+++ Information supplied +++

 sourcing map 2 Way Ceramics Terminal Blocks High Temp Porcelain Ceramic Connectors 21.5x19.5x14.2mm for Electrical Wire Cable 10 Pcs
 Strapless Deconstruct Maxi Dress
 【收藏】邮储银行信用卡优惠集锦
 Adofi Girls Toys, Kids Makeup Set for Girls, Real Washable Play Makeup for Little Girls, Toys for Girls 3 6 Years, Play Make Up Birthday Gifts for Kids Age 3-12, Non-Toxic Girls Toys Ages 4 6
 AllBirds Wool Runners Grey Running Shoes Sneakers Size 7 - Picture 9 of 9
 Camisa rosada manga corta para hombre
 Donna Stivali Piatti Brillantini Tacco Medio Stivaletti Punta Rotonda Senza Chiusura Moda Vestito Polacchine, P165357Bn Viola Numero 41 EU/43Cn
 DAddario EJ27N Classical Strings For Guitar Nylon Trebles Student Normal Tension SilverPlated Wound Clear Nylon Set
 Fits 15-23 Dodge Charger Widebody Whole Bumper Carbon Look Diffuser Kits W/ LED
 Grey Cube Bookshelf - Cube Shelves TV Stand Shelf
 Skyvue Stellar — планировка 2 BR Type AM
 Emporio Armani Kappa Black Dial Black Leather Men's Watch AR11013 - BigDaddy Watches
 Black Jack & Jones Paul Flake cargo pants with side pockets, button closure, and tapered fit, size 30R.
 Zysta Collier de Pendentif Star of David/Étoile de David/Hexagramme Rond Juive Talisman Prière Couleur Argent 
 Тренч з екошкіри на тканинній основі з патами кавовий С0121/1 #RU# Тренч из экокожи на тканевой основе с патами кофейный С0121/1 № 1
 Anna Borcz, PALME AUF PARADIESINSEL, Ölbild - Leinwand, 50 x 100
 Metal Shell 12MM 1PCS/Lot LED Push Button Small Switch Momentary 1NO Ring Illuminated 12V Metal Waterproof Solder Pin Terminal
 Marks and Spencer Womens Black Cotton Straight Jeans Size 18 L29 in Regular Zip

+++

Aim of the task —
Restate all of the material exactly.

Exercise answer —
 sourcing map 2 Way Ceramics Terminal Blocks High Temp Porcelain Ceramic Connectors 21.5x19.5x14.2mm for Electrical Wire Cable 10 Pcs
 Strapless Deconstruct Maxi Dress
 【收藏】邮储银行信用卡优惠集锦
 Adofi Girls Toys, Kids Makeup Set for Girls, Real Washable Play Makeup for Little Girls, Toys for Girls 3 6 Years, Play Make Up Birthday Gifts for Kids Age 3-12, Non-Toxic Girls Toys Ages 4 6
 AllBirds Wool Runners Grey Running Shoes Sneakers Size 7 - Picture 9 of 9
 Camisa rosada manga corta para hombre
 Donna Stivali Piatti Brillantini Tacco Medio Stivaletti Punta Rotonda Senza Chiusura Moda Vestito Polacchine, P165357Bn Viola Numero 41 EU/43Cn
 DAddario EJ27N Classical Strings For Guitar Nylon Trebles Student Normal Tension SilverPlated Wound Clear Nylon Set
 Fits 15-23 Dodge Charger Widebody Whole Bumper Carbon Look Diffuser Kits W/ LED
 Grey Cube Bookshelf - Cube Shelves TV Stand Shelf
 Skyvue Stellar — планировка 2 BR Type AM
 Emporio Armani Kappa Black Dial Black Leather Men's Watch AR11013 - BigDaddy Watches
 Black Jack & Jones Paul Flake cargo pants with side pockets, button closure, and tapered fit, size 30R.
 Zysta Collier de Pendentif Star of David/Étoile de David/Hexagramme Rond Juive Talisman Prière Couleur Argent 
 Тренч з екошкіри на тканинній основі з патами кавовий С0121/1 #RU# Тренч из экокожи на тканевой основе с патами кофейный С0121/1 № 1
 Anna Borcz, PALME AUF PARADIESINSEL, Ölbild - Leinwand, 50 x 100
 Metal Shell 12MM 1PCS/Lot LED Push Button Small Switch Momentary 1NO Ring Illuminated 12V Metal Waterproof Solder Pin Terminal
 Marks and Spencer Womens Black Cotton Straight Jeans Size 18 L29 in Regular Zip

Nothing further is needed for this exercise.